On March 1, 2000, the Company executed a month-to-month agreement to sub-lease office space and share office equipment and a bookkeeper’s time for $900 a month from R. D. Garwood, Inc. (“Garwood”). The Company’s President/Treasurer/Secretary is the Chief Financial Officer of Garwood. Effective June 1, 2013, due to the financial status of the Company, R.D. Garwood, Inc. began providing the aforementioned services at no charge to the Company. The Company’s expense for these shared facilities and bookkeeping services was $8,100 and $10,800 for the years ended August 31, 2013 and 2012, respectively.

 

On July 24, 2013, $21,600 of accrued office sharing expenses and $52,500 of accrued officer’s salary were converted into an aggregate of 1,482,000 common shares at the rate of $0.05 per common share (See Note 5).

 

As of August 31, 2012, accounts payable and accrued expenses include $13,500 for rent and $30,000 for officer’s salary.

 

During the year ended August 31, 2012, the Company paid $2,000 to Donehew Capital, LLC for income tax preparation. The Company’s President/Treasurer/Secretary is the CEO of Donehew Capital, LLC.

 

On January 18, 2013, the Company’s chief executive officer (“CEO”) loaned the Company $10,000 and received a convertible promissory note due January 18, 2015. The note bears interest at a variable rate of 2% plus the “Base Rate” (the greater of (i) the rate in the Wall Street Journal for notes maturing in three months after issuance and (ii) the prime rate in the Wall Street Journal). The overall interest rate through July 24, 2013 (the settlement date) was 5.25%. The note is convertible into common shares of the Company at the rate of $0.07 per share.
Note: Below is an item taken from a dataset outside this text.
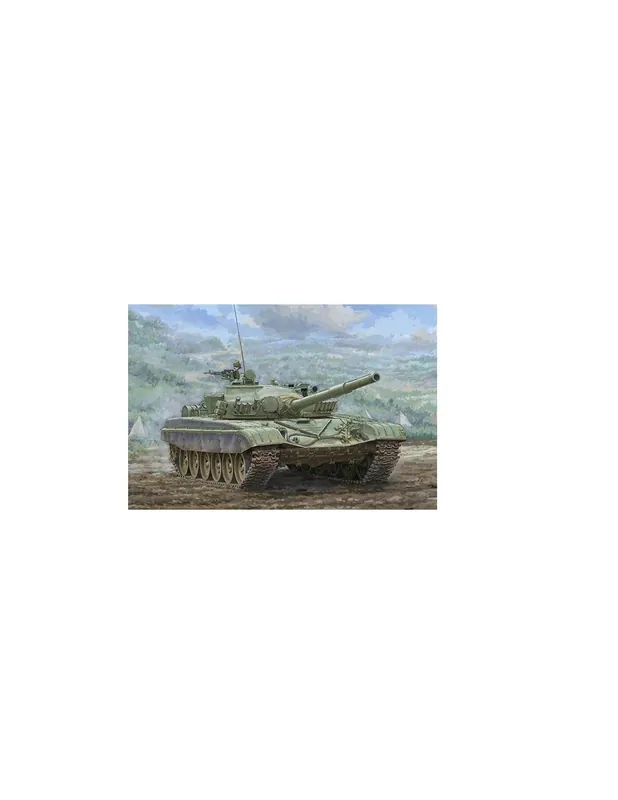 Trumpeter 09604 T-72M1 Livrare rapidă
The Company evaluated the convertible note and determined that, for the embedded conversion option, there was no beneficial conversion value to record as the conversion price was the same as the fair market value of the common shares on the note issue date. On July 24, 2013, the convertible note payable was converted into 142,857 common shares (See Notes 4 and 5).

 

On May 2, 2013, the Company’s chief executive officer (“CEO”) loaned the Company $4,100 and received a convertible promissory note due May 2, 2015. The note bears interest at a variable rate of 2% plus the “Base Rate” (the greater of (i) the rate in the Wall Street Journal for notes maturing in three months after issuance and (ii) the prime rate in the Wall Street Journal). The overall interest rate through July 24, 2013 (the settlement date) was 5.25%. The note is convertible into common shares of the Company at the rate of $0.07 per share. The Company evaluated the convertible note and determined that, for the embedded conversion option, there was no beneficial conversion value to record as the conversion price was the same as the fair market value of the common shares on the note issue date. On July 24, 2013, the convertible note payable was converted into 58,571 common shares (See Note 4 and 5).

 

During the year ended August 31, 2013, interest expense of $318 was recognized on notes payable to related parties. During the year ended August 31, 2013, $318 of accrued interest was repaid to related parties (See Note 4).